Of course, there is more than one reason why these changes came about and why further changes are being discussed (e.g. again abolishing the option of doing your residency on h1b).
One phenomenon I have seen in J1 docs is the fact that they are often from an urban upper middle class background in the country they where brought up. For them, working in some BF village in the rural US doesn't exactly offer loads of cultural stimulation. Many of the US docs working rural practices are themselves either farmkids or have some other attachment to rural areas (e.g. like to invest large amounts of money into equipment to kill fish, deer or ducks). For them, working in a rural practice is a lifestyle choice, and not a mandate brought upon them by the goverment.
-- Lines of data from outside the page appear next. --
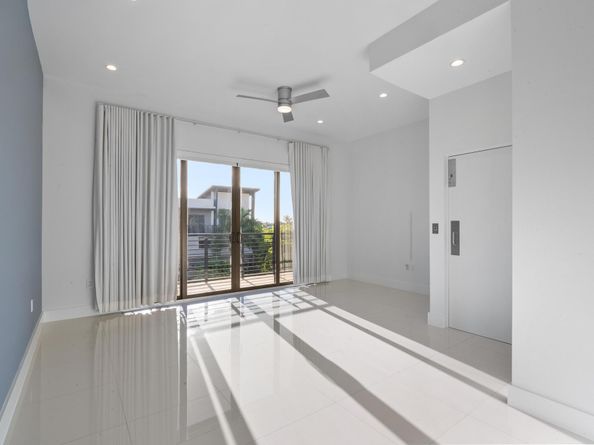 180 SE 4th Terrace, Pompano Beach FL 33060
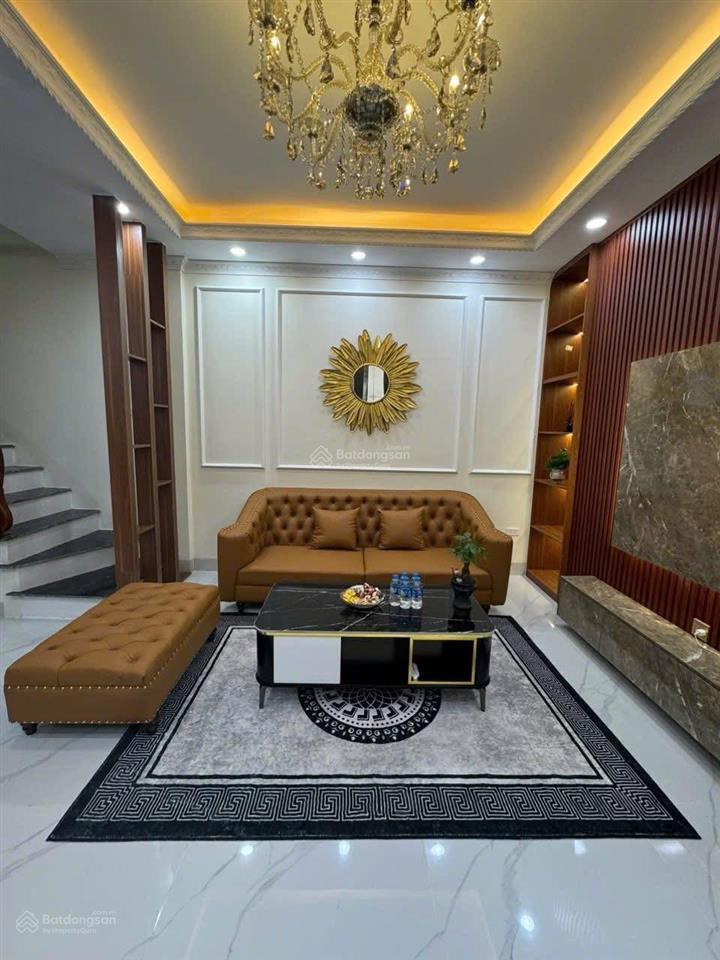 Bán nhà cổ linh, tư đình long biên, gần ngay ngã 3, oto 7c đỗ xịch cổng. hiếm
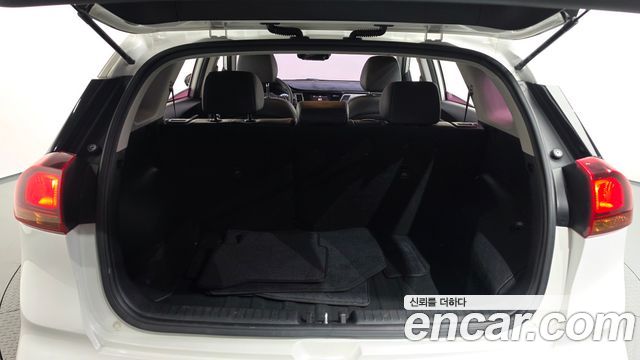 Kia Niro Luxury 2017 — фото 15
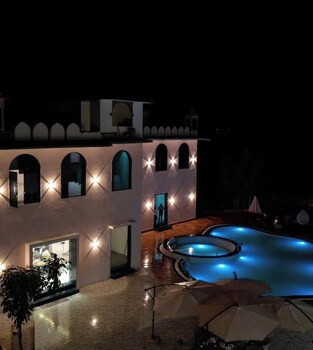 shiv resort and palace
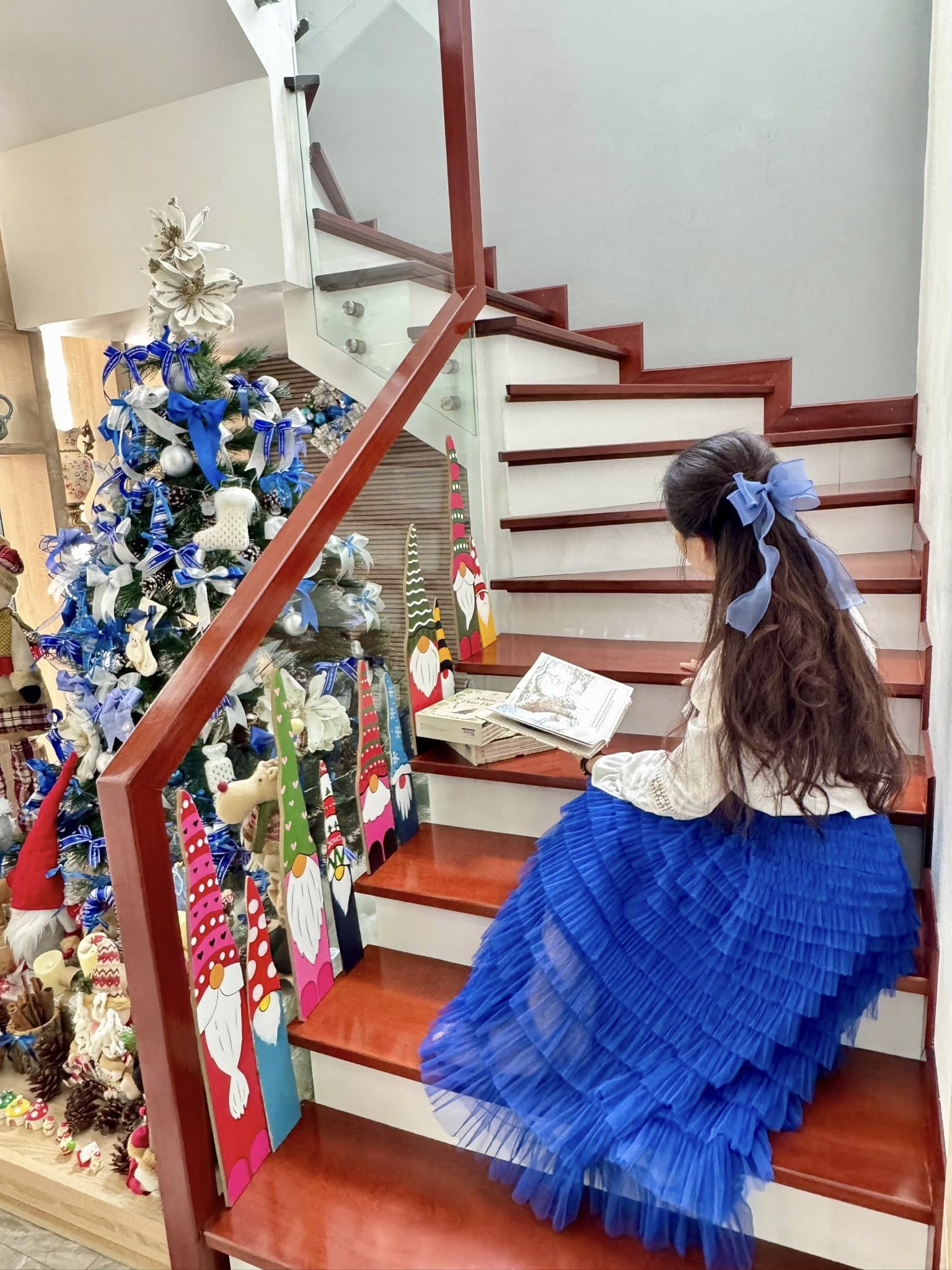 Tiệc Gi&aacute;ng sinh tone m&agrave;u lạ mắt mẹ Quảng Ninh thiết kế ri&ecirc;ng, 2 em b&eacute; xu&yacute;t xoa th&iacute;ch th&uacute;- Ảnh 9.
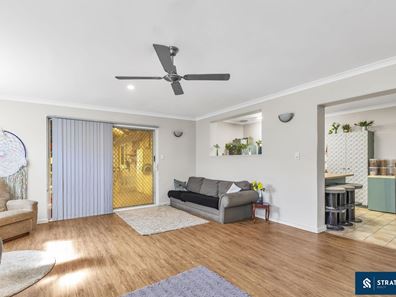 25 Lindy Way, Camillo WA 6111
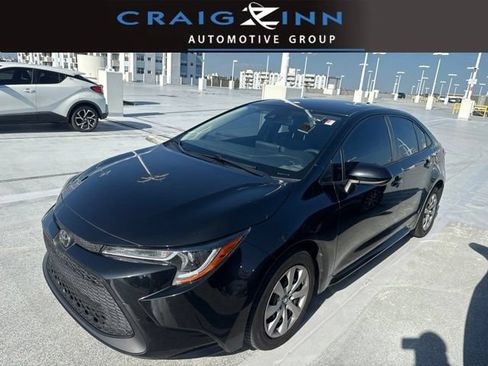 Used 2022 Toyota Corolla LE FWD image 1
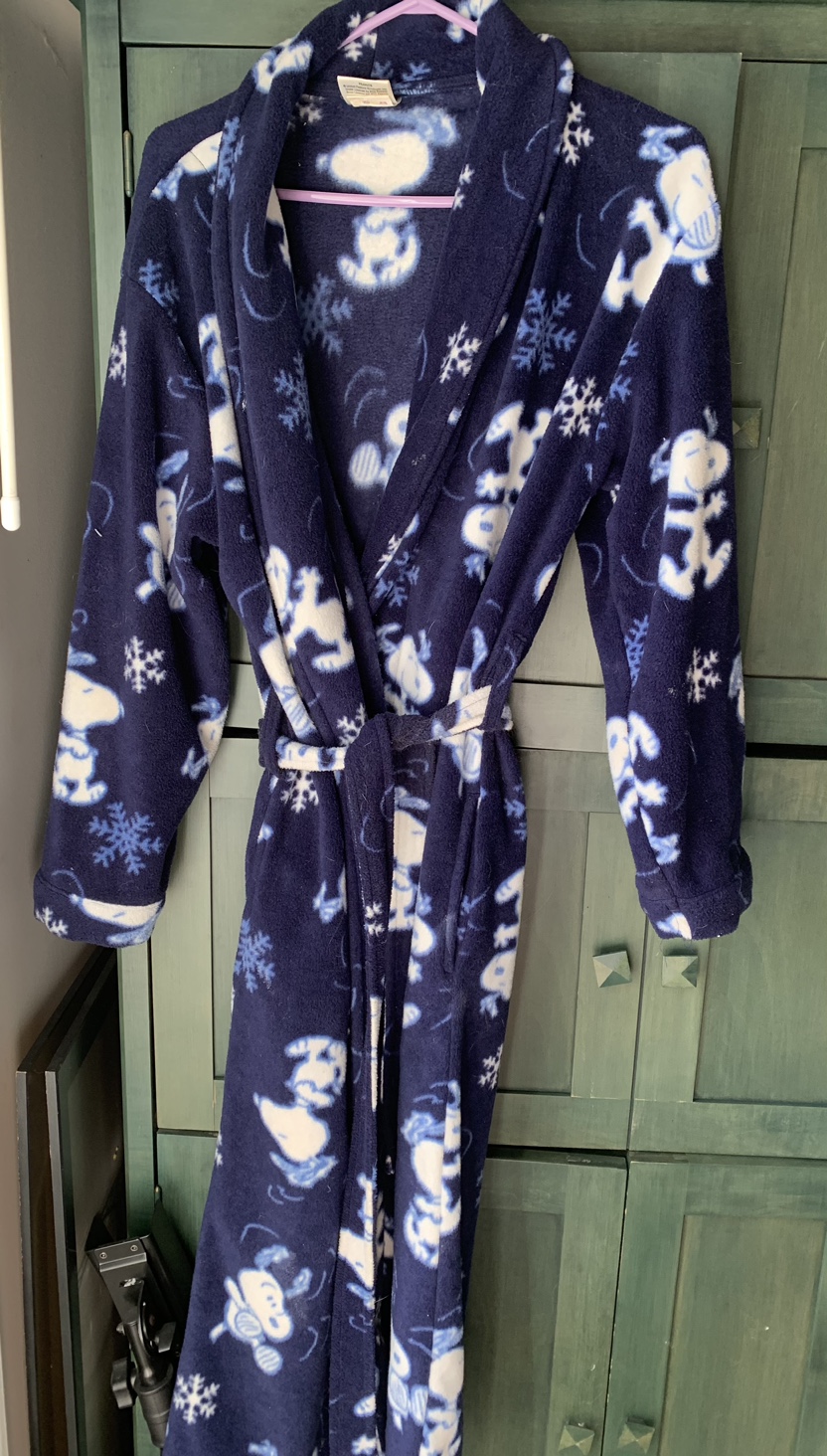 Peanuts Snoopy Fleece Robe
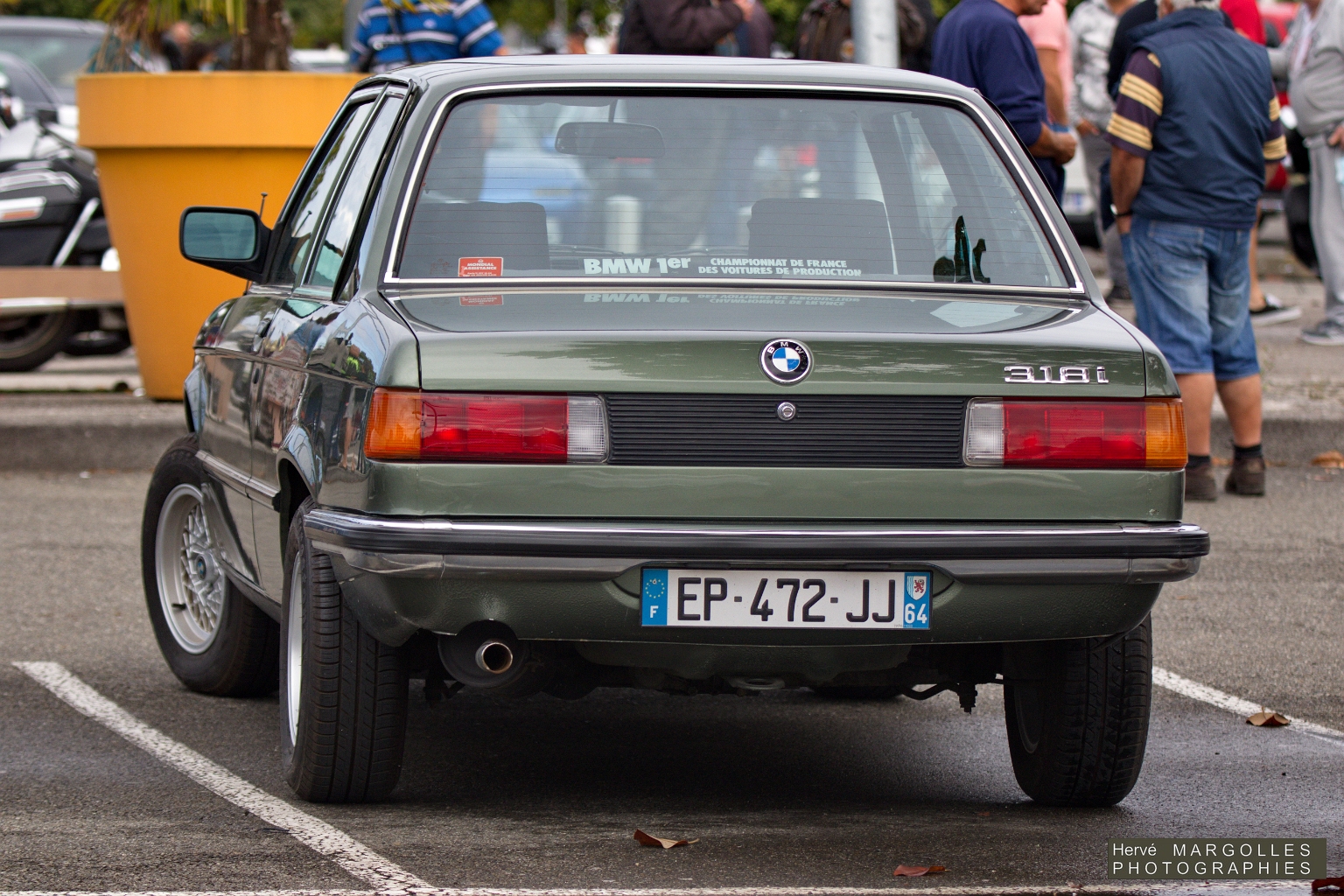BMW 318i.jpg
And of course, there are the economics of it. Underserved areas are underserved for a reason. And as long as the medicare reimbursement formula punishes rural states and practice locations, and as long as medicaid pays such paltry sums for primary care, nothing is going to change about it. Rural and underserved by the way does not equal low income. In fields like family practice, a rural location is actually often an opportunity to make an above average income. Procedures such as sigmoidoscopy or c-section that are firmly in the hands of the respective specialists in most cities are often performed by FPs.
Still, I am somewhat disheartened by the attitude that I see by many of the guys and gals on this board whose primary interest is to find out when the first day is that they can get out of this j1prison. Now, considering some of the shady labor practices that particularly small practice (themselves usually FMG) employers use, this is no big suprise. But there are financially competitive jobs out there with benign employers, and still people can't seem to wait until they can get out of town.